Como era: O projeto aprovado pelo Congresso permite que conteúdos sejam retirados da internet após a simples denúncia de que a publicação se trata de um "discurso de ódio, disseminação de informações falsas ou ofensa em desfavor de partido, coligação, candidato". O texto prevê que a publicação denunciada terá que ser retirada do ar em "no máximo vinte quatro horas", até que o provedor "certifique-se da identificação pessoal do usuário" que postou a mensagem.
Como ficará: ao sancionar o projeto, Temer excluiu essa emenda do texto.
Telemarketing eleitoral
Como é: Não é permitido
Como era: O texto-base da reforma política na Câmara permitia o telemarketing durante a campanha. O texto previa que esse tipo de propaganda poderia ser feito "desde que as comunicações sejam realizadas pelo próprio comitê de campanha ou de iniciativa de pessoa natural".
Como ficará: Por meio da aprovação de um destaque apresentado pelo PR, o plenário da Câmara d retirou do texto o dispositivo que permitia a propaganda por meio de ligações telefônicas feitas por voluntários.
Fidelidade partidária
Como é: o partido pode pedir à Justiça Eleitoral a perda de cargo eletivo caso o eleito se desfilie sem justa causa.
Qual era a proposta: determina a perda de mandato se o eleito se desfiliar do partido, exceto se houver "mudança substancial" no programa partidário ou "grave discriminação política pessoal".
Como ficará: um destaque apresentado tornaria mais rígida a fidelidade partidária, impedindo a chamada janela partidária. Na quarta-feira (27), os deputados retiraram o trecho da proposta. Segue permitida, conforme previsto na lei eleitoral, a mudança de sigla até o mês de março dos anos em que houver eleição.
Sistema para eleição de deputados e vereadores
Como é: sistema proporcional, com vagas distribuídas de acordo com um cálculo que considera os votos depositados nos candidatos do partido e da coligação e no voto de legenda.
Qual era a proposta: sistema distrital, popularizado como distritão. Seriam eleitos os candidatos mais votados, e o voto em legenda seria desprezado. Em 2022, o modelo seria alterado para o distrital misto, no qual metade das cadeiras seria preenchida pelo mais votado em cada distrito e o restante acabaria destinado ao sistema proporcional a partir de uma lista fechada de candidatos elaborada pelos partidos.
Como ficará: sem acordo, a Câmara rejeitou a proposta em agosto. Assim, nada muda, mantendo o sistema proporcional.
Suplente de senador
Como é: candidatos escolhem seus suplentes, que podem assumir mesmo sem ter recebido qualquer voto.
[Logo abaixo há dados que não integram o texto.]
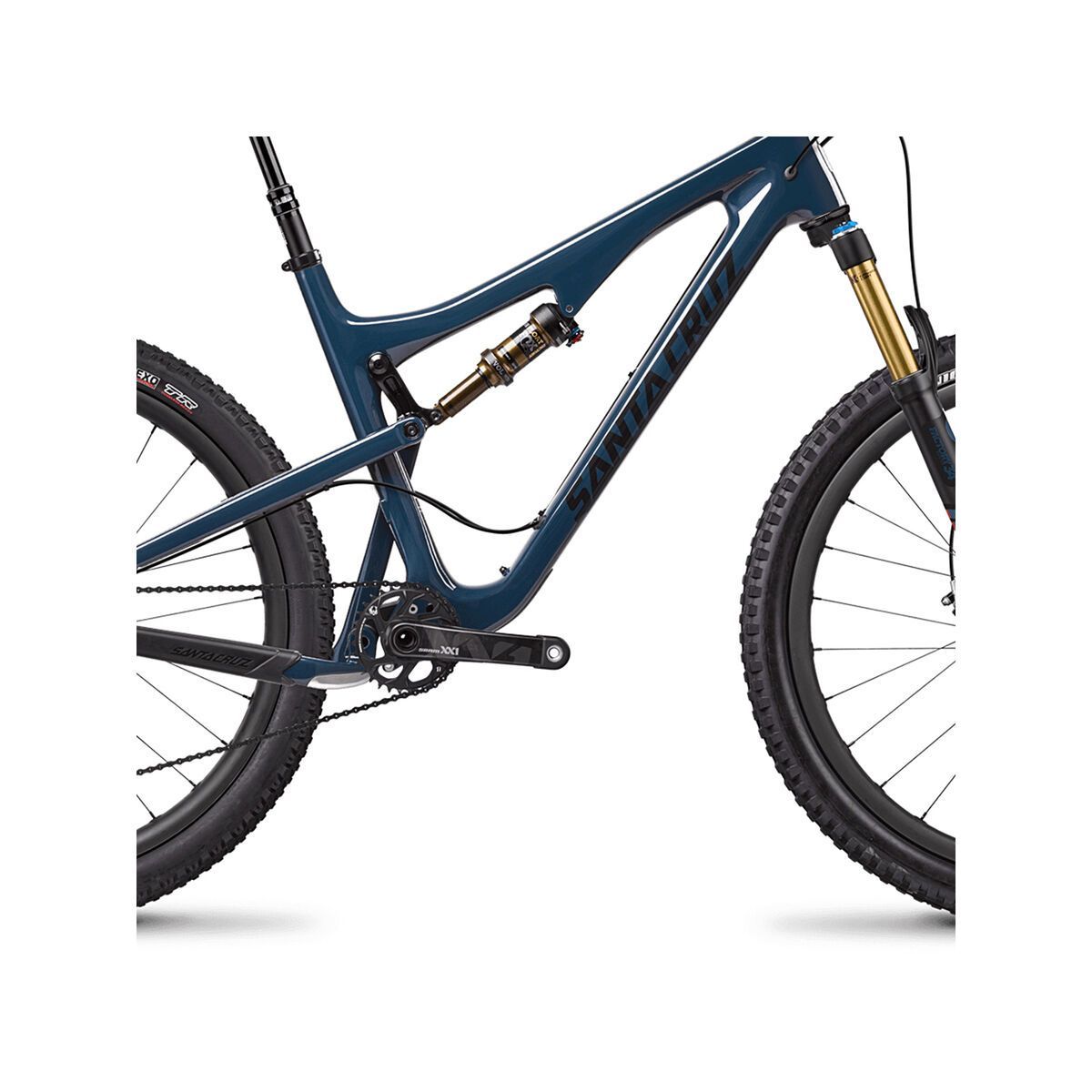 Santa Cruz 5010 CC XX1 Reserve, gloss ink and black - Bild 4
Qual era a proposta: suplente seria o deputado mais votado do partido ou da coligação.
Como ficará: em agosto, a comissão especial da reforma política decidiu manter suplentes de senadores. Assim, o modo segue igual ao atual.
Vices
Como é: presidente, governadores e prefeitos formam chapas com vices, que, na sua ausência, assumem a vaga.
Qual era a proposta: não haveria mais vice. O primeiro na linha de sucessão seria o chefe do Legislativo.
Como ficou: a comissão especial que discutiu a reforma política também negou a mudança, mantendo a figura de vice.